ACTION ITEM = Each line of the records that holds "Pack" should be shown in full.

Start of DATA SHOWN

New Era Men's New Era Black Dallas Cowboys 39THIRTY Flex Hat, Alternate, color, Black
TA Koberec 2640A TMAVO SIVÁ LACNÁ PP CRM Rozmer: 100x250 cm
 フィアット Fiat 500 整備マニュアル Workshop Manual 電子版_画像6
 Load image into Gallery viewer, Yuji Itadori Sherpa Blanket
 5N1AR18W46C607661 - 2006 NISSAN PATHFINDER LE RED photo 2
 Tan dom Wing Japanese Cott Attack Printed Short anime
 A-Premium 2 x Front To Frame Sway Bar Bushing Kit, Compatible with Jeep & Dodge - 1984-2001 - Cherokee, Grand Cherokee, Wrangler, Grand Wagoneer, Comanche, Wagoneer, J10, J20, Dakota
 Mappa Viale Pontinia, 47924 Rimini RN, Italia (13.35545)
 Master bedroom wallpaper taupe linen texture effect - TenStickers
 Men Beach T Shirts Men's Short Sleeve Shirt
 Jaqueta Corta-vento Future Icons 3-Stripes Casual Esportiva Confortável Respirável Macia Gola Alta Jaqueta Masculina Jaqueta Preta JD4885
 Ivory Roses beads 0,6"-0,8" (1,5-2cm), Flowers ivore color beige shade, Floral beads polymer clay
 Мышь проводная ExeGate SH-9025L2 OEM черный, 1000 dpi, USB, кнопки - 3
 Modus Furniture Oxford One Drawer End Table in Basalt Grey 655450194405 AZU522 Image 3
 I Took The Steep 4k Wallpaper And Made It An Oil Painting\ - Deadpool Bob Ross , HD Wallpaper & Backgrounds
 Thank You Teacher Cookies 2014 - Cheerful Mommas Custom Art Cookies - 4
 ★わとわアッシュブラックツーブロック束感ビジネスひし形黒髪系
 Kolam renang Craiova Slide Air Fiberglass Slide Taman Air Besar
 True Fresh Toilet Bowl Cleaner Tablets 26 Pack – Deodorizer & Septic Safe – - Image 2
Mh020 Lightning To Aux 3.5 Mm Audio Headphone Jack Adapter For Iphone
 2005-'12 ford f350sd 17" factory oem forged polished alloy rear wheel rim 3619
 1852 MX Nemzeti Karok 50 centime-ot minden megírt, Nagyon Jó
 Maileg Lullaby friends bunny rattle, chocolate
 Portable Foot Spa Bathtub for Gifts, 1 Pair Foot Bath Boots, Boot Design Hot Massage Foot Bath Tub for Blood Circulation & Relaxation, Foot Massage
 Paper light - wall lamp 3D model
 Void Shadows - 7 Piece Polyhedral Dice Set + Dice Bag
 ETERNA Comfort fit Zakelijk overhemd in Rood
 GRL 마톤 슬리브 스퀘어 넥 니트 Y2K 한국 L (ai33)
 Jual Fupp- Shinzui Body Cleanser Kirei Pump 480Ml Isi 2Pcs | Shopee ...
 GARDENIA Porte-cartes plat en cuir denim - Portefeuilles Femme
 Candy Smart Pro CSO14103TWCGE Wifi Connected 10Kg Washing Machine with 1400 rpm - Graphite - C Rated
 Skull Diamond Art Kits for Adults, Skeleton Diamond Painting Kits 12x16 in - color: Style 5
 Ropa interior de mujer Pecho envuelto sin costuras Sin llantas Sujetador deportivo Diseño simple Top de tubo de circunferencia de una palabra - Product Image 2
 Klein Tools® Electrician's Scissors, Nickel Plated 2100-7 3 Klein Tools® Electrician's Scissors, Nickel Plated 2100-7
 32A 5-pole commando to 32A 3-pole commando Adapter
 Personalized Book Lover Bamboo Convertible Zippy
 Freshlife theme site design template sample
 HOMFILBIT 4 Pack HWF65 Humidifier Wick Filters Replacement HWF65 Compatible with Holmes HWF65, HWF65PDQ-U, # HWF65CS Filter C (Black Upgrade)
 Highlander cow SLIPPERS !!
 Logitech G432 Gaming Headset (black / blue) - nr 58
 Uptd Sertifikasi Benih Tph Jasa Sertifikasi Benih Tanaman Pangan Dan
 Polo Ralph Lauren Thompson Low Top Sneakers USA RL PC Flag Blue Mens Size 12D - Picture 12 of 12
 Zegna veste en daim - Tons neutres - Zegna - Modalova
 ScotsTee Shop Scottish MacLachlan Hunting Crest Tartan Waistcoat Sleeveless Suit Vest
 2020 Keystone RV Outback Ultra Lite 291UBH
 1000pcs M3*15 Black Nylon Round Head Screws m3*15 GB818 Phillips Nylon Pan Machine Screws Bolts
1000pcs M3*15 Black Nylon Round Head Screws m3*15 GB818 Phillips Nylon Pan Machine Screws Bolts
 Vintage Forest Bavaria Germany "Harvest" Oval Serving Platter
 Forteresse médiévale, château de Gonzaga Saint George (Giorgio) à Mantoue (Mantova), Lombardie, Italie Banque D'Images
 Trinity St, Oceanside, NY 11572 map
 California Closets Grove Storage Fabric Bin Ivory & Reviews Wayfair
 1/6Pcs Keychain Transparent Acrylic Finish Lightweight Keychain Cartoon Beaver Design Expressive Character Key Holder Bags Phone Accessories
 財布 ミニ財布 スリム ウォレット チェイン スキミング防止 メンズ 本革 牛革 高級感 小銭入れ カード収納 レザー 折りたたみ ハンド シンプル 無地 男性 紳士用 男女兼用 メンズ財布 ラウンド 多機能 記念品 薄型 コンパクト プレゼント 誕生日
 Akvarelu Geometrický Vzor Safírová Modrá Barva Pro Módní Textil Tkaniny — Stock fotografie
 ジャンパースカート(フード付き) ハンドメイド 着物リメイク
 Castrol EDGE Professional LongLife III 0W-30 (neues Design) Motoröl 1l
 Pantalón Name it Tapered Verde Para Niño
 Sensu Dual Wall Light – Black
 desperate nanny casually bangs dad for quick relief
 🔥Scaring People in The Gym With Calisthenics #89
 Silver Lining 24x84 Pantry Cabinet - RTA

End of DATA SHOWN

REPLY =
 True Fresh Toilet Bowl Cleaner Tablets 26 Pack – Deodorizer & Septic Safe – - Image 2
 HOMFILBIT 4 Pack HWF65 Humidifier Wick Filters Replacement HWF65 Compatible with Holmes HWF65, HWF65PDQ-U, # HWF65CS Filter C (Black Upgrade)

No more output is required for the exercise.